Students discuss the topic differently when simulations replace practicals. So let’s investigate which offers the best learning outcomes
Laboratory practicals allow students to experience chemical phenomena first hand. However, they cost money and time, with questionable impact on learning. Lab teaching generally focuses on the macroscopic domain. Students observe the outcomes of experimental work, even if they are often not truly experimenting. However, the explanations that underpin the observed outcomes lie mainly in the sub-microscopic domain, while communication of the outcomes normally uses the symbolic domain. The ability to navigate the different domains is critical to student success, and this takes additional time outside of the lab practical.
To probe how useful practicals remain today when compared to the latest teaching technologies, Amy Phelps and co-workers compared a hands-on activity with a computer simulation. The activities focused on electrochemistry, which is often cited by teachers as a difficult subject to teach and to learn.
The researchers analysed how macroscopic and particulate representations influence student interactions. Nine pairs of students participated in a simulated particulate visualisation (PV) activity. Another nine pairs completed a traditional hands-on practical, the macroscopic visualisation (MV) activity. The activities were based on classic electrochemistry practicals involving combinations of M/Mx+ half-cells. The researchers analysed transcribed audio and video recordings of students’ discussions to identify patterns.
The researchers analysed how macroscopic and particulate representations influence student interactions. Nine pairs of students participated in a simulated particulate visualisation (PV) activity; find the simulation here: bit.ly/2kAONKI. Another nine pairs completed a traditional hands-on practical, the macroscopic visualisation (MV) activity. The activities were based on classic electrochemistry practicals involving combinations of M/Mx+ half-cells. The researchers analysed transcribed audio and video recordings of students’ discussions to identify patterns.
Different discussions
The team found that MV students spent more time in the laboratory than the PV students – 127 minutes versus 89. The students completing the MV activity also spent more time talking to instructors – 33, rather than 17 minutes. The PV students spent a higher proportion of their time talking to peers, although the overall time spent by both groups was similar at around 59 minutes.
However, analysis of the peer-to-peer conversations showed a stark difference in the nature of the discourse. The PV students spent 52 minutes discussing the experiment’s results, but the MV students only talked about them for 18. This was partly because the MV students had to discuss and carry out experimental procedures.
A key difference was the lack of conceptual discussion between MV students compared to PV students. However, the students’ comments indicated that the PV students exhibited a number of misconceptions, not all of which were reflected in marks on the assessment.

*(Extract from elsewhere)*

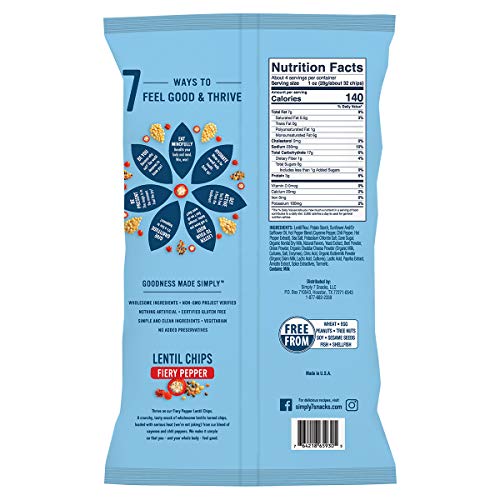 Simply 7 Lentil Chips - Non-Gmo, Gluten Free, Kosher, Nut Free,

One notable misconception was that electrodes get smaller because the ions formed during oxidation have a smaller radius than the atoms from which they are formed, rather than the fact that the resulting ions dissolve in the solution. Revealing the nature of these student conversations is valuable in informing our knowledge of students’ misconceptions and how they are formed. Such knowledge is key for developing pedagogical content knowledge, which underpins effective chemistry teaching.
There is no question that the hands-on practical activity still has an important role to play in education. Not only do students develop valuable technical and manipulative skills, but they also experience ‘wow!’ moments that motivate them – this study found that the MV students were more excited about their findings. However, the analysis also shows that students have a different, and potentially more valuable, conversation when presented with particulate representations of the same phenomena. Nonetheless, it is a concern that the conversations can exacerbate misconceptions if students are left to their own devices.
Teaching tips
Help students to make connections between the macroscopic and sub-microscopic by augmenting hands-on practical activities with appropriate particulate representations. Simulations and animations can be an effective way of moving students’ conversations towards conceptual matters. The authors indicate they are investigating this combined approach.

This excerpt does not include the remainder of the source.